2025-10-05 16:48:03 +08:00 · 2025-06-09 19:20:15 +08:00
parent 980c0a1d2c
commit 684703fd72
11814 changed files with 127294 additions and 1293102 deletions
--- a/fastdeploy/platforms/utils.py
+++ b/fastdeploy/platforms/utils.py
@@ -0,0 +1,46 @@
+"""
+# Copyright (c) 2024 PaddlePaddle Authors.

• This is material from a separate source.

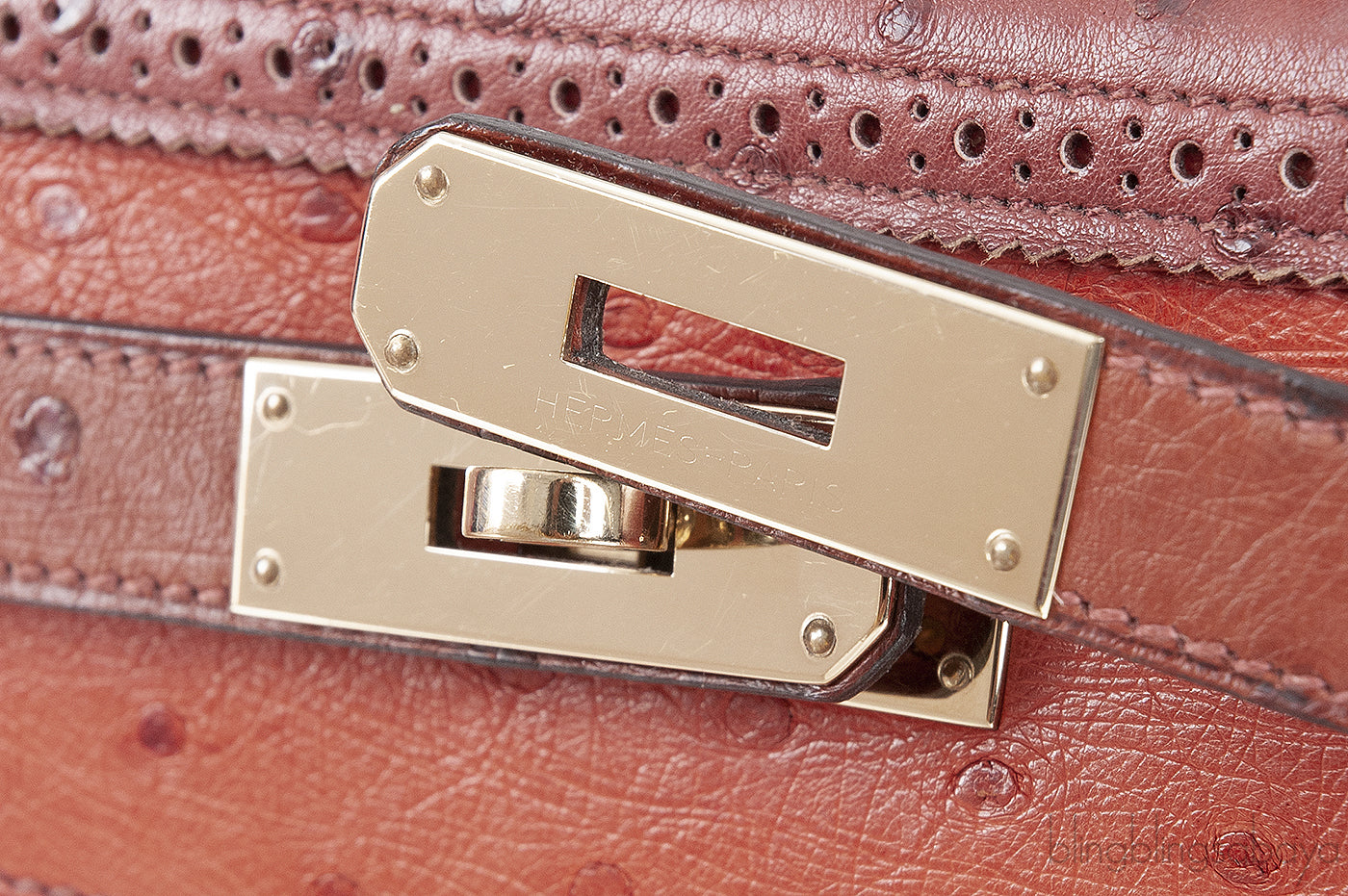 Kelly 32 Ghillies Rouge H Sunset and Brique Ostrich Bag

All Rights Reserved.
+#
+# Licensed under the Apache License, Version 2.0 (the "License");
+# you may not use this file except in compliance with the License.
+# You may obtain a copy of the License at
+#
+#     http://www.apache.org/licenses/LICENSE-2.0
+#
+# Unless required by applicable law or agreed to in writing, software
+# distributed under the License is distributed on an "AS IS" BASIS,
+# WITHOUT WARRANTIES OR CONDITIONS OF ANY KIND, either express or implied.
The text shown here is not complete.